▶ EXERCISE OBJECTIVE
Start at the line that contains "24k Shiny Gold" in the listing below and extract every line through the last, exactly; leave pictures out.

▶ DATA SHOWN
--------------------------------------------------

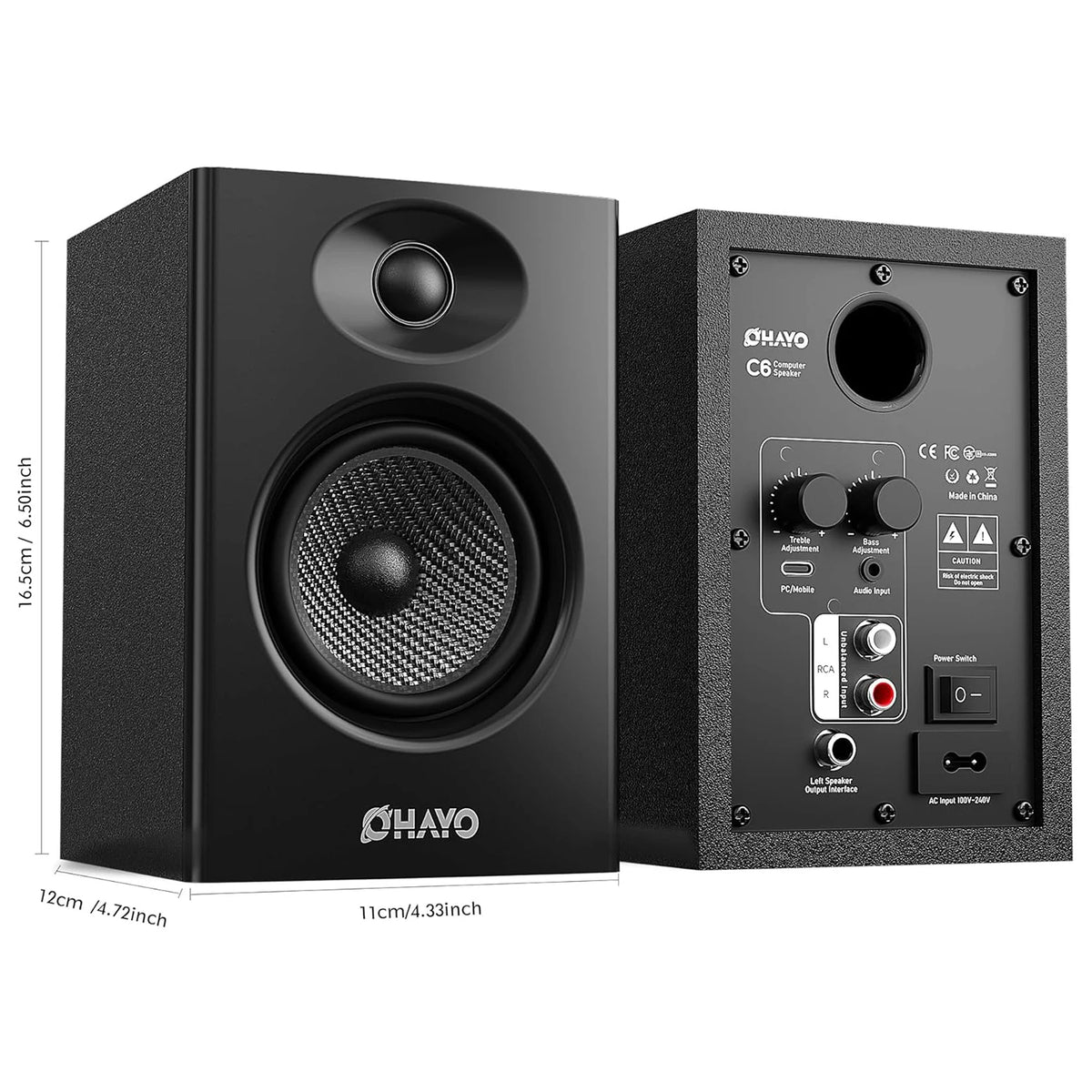 OHAYO 60W Computer Speakers for Music Gaming, Active Bluetooth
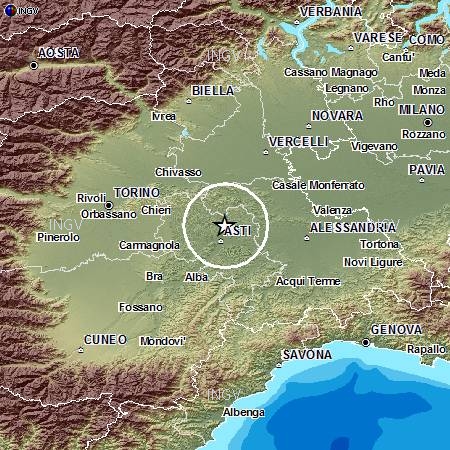 Ancora una scossa di terremoto nell’Astigiano, magnitudo 2,4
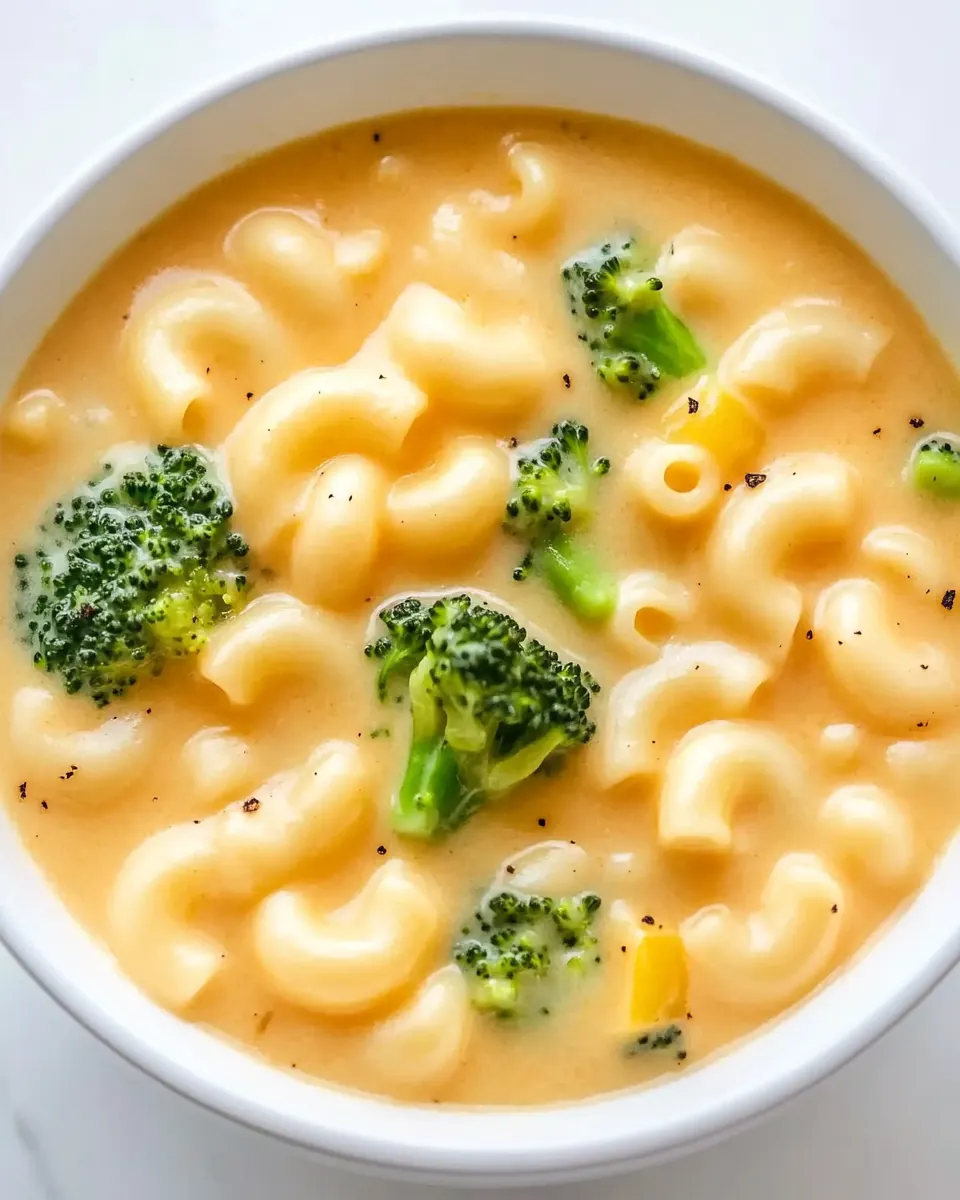 Macaroni and Cheese Soup with Broccoli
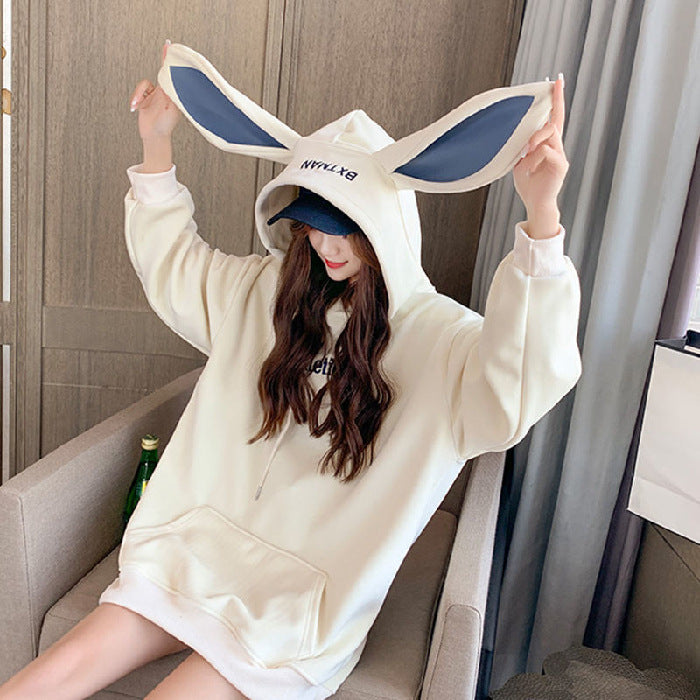 Cute Rabbit Ears Hoodie: Cozy Preppy Style for Girls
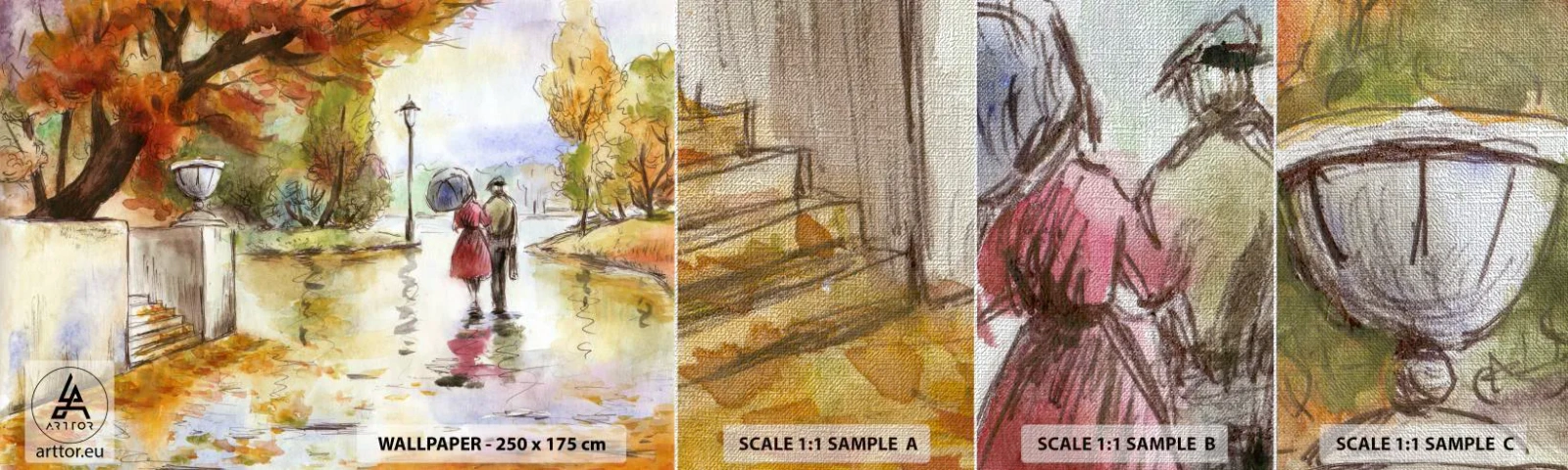 Échantillon de Papier Peint Premium Canvas - Automne romantique dans le parc - Ville, Personnes, Couple amoureux - 100x30 cm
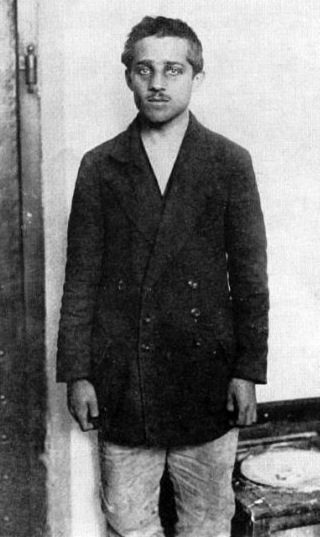 Gavrilo Princip in his prison cell at the Terezín fortress.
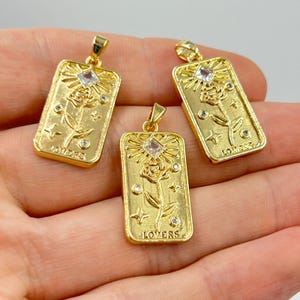 24k Shiny Gold Plated  Zircon Flower Charm, Zircon Pendant, Micro Pave Zircon Charm, Necklace Charm, Jewelry Making Accessories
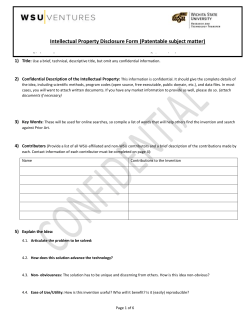Patents Disclosure Form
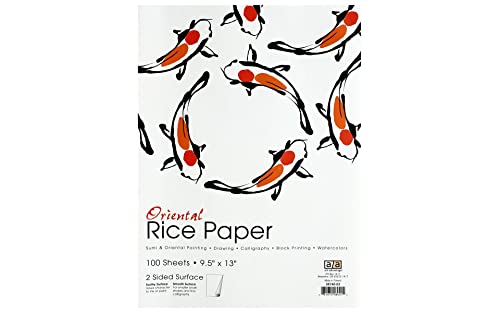 Art Advantage Rice Paper 9' x 12' - 100 Sheets - Rice Paper Sheets, Chinese Calligraphy Paper, Rice Paper for Crafts, Japanese Paper, Decoupage Paper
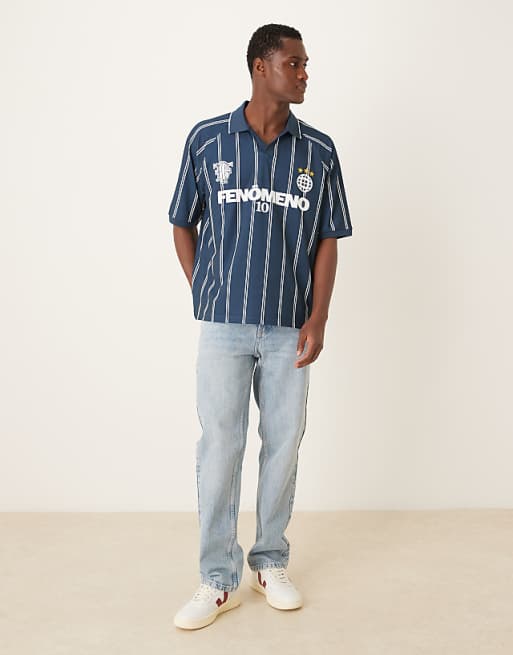 DESIGN Oversized Polo With Sports Graphic In Navy Striped Sports Fabric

--------------------------------------------------

▶ EXERCISE SOLUTION
 24k Shiny Gold Plated  Zircon Flower Charm, Zircon Pendant, Micro Pave Zircon Charm, Necklace Charm, Jewelry Making Accessories
Patents Disclosure Form
 Art Advantage Rice Paper 9' x 12' - 100 Sheets - Rice Paper Sheets, Chinese Calligraphy Paper, Rice Paper for Crafts, Japanese Paper, Decoupage Paper
 DESIGN Oversized Polo With Sports Graphic In Navy Striped Sports Fabric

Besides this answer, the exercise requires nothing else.